▶ **INPUT MATERIAL**
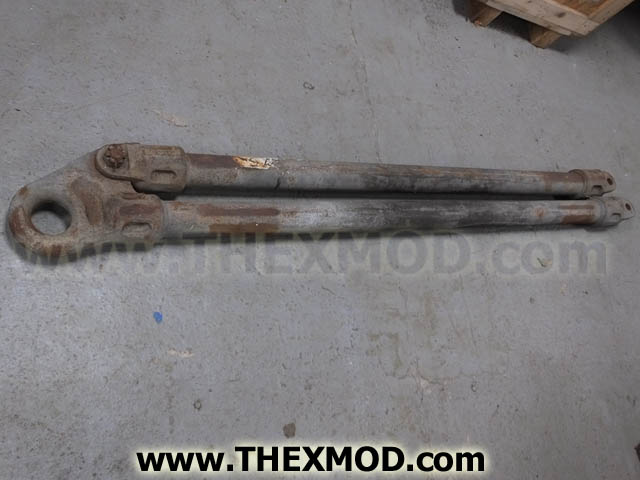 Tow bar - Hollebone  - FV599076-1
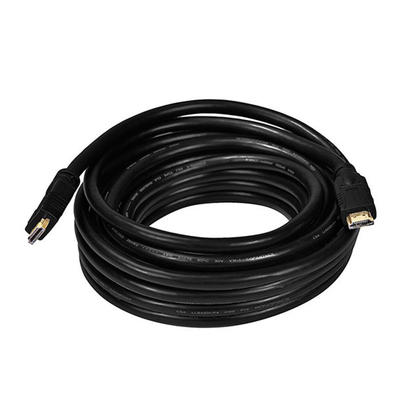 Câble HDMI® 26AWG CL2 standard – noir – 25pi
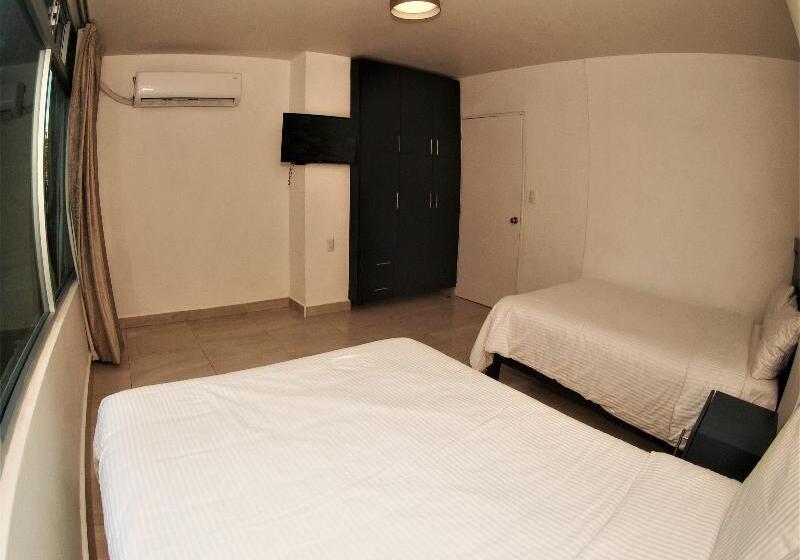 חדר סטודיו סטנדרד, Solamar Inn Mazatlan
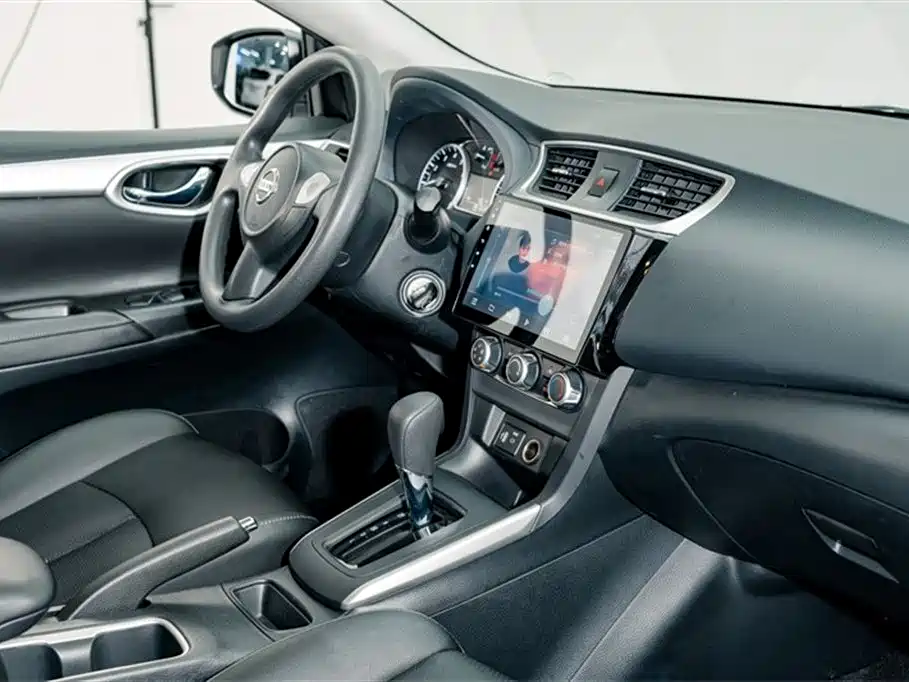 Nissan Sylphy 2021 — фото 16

==

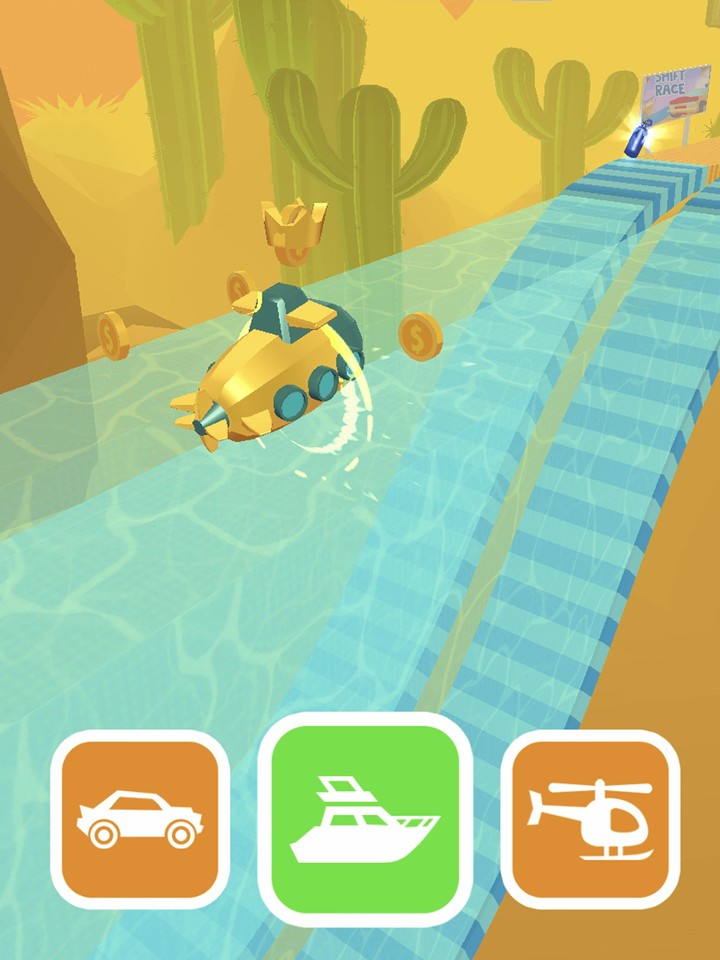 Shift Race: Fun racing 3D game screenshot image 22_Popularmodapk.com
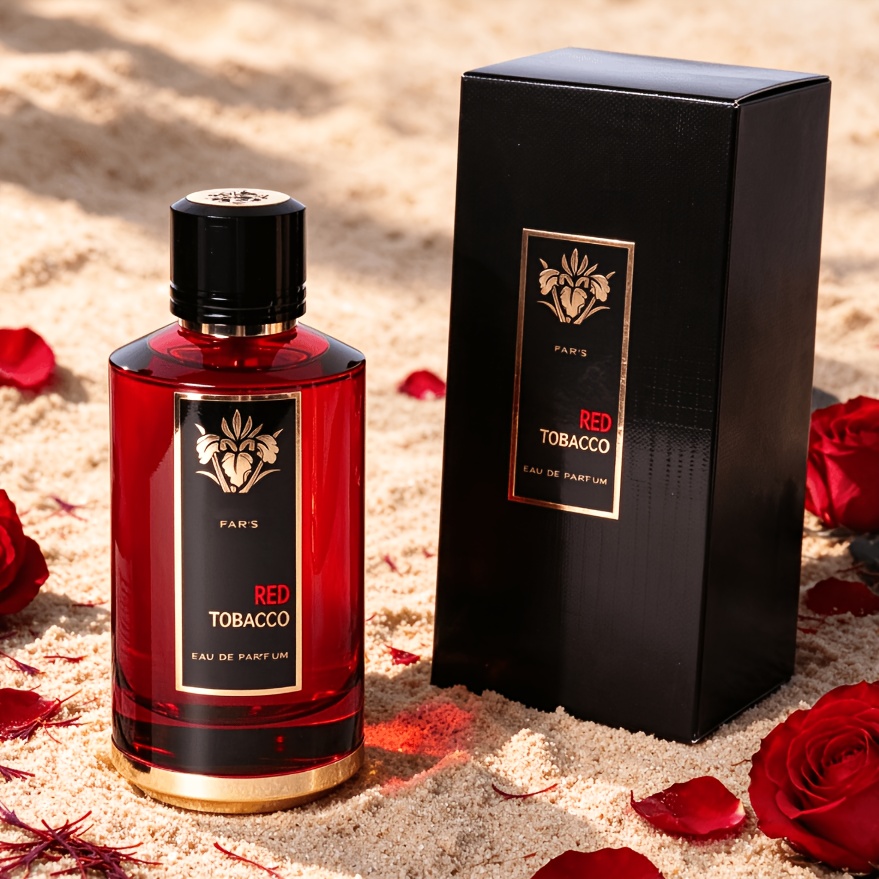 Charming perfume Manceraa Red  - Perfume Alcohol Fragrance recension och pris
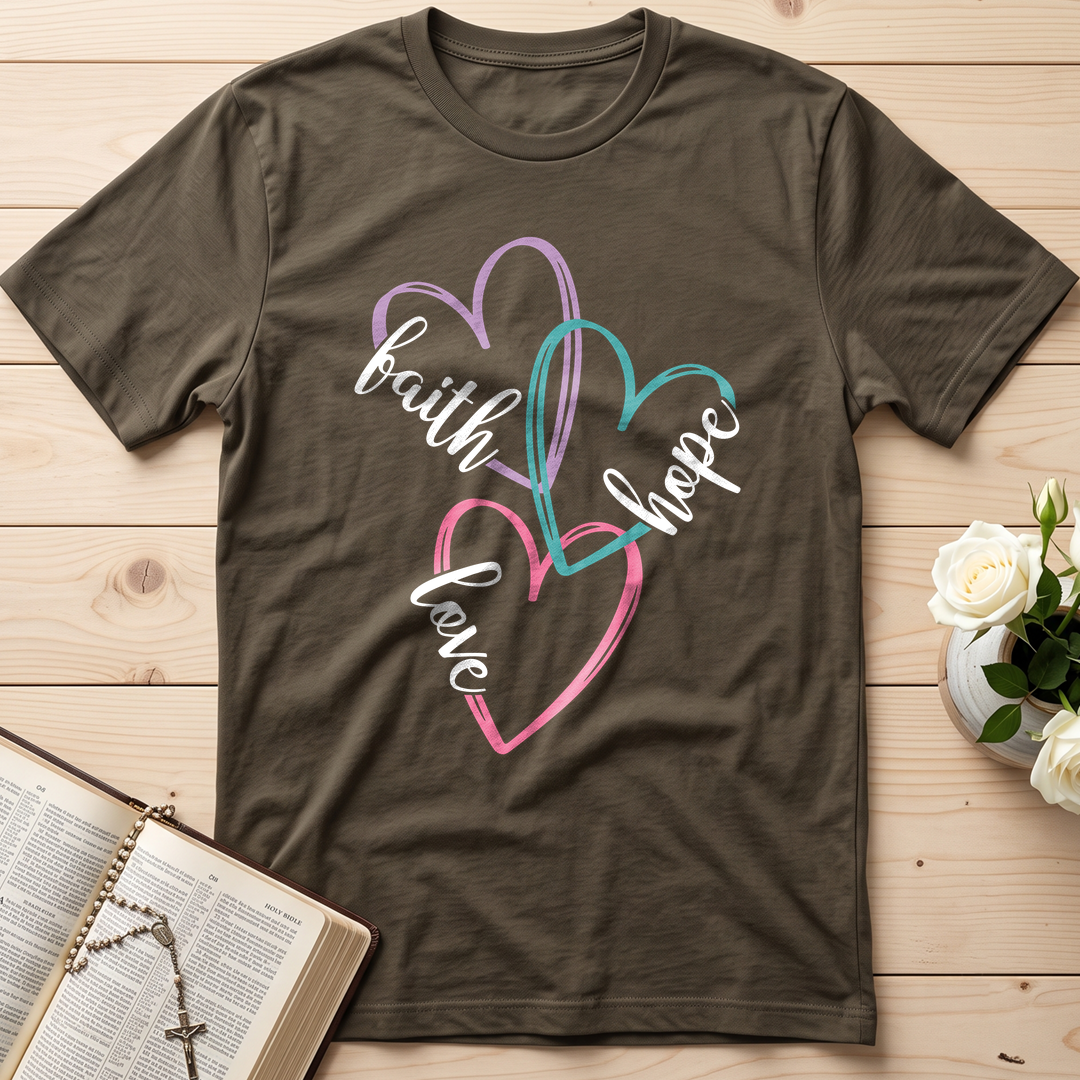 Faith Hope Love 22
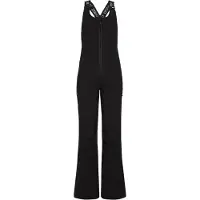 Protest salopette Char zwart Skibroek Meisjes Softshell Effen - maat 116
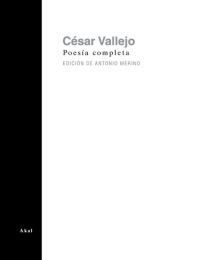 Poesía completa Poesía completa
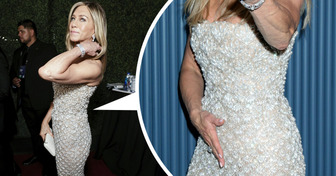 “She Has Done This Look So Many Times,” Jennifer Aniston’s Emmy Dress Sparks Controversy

▶ **GOAL OF THE EXERCISE**
Using the entries above, extract exactly the lines from the one that contains "חדר סטודיו סטנדרד, Solamar Inn Mazatlan" through the one that contains "Nissan Sylphy 2021 — фото 16". Do not carry over any pictures.

▶ **REPLY**
 חדר סטודיו סטנדרד, Solamar Inn Mazatlan
 Nissan Sylphy 2021 — фото 16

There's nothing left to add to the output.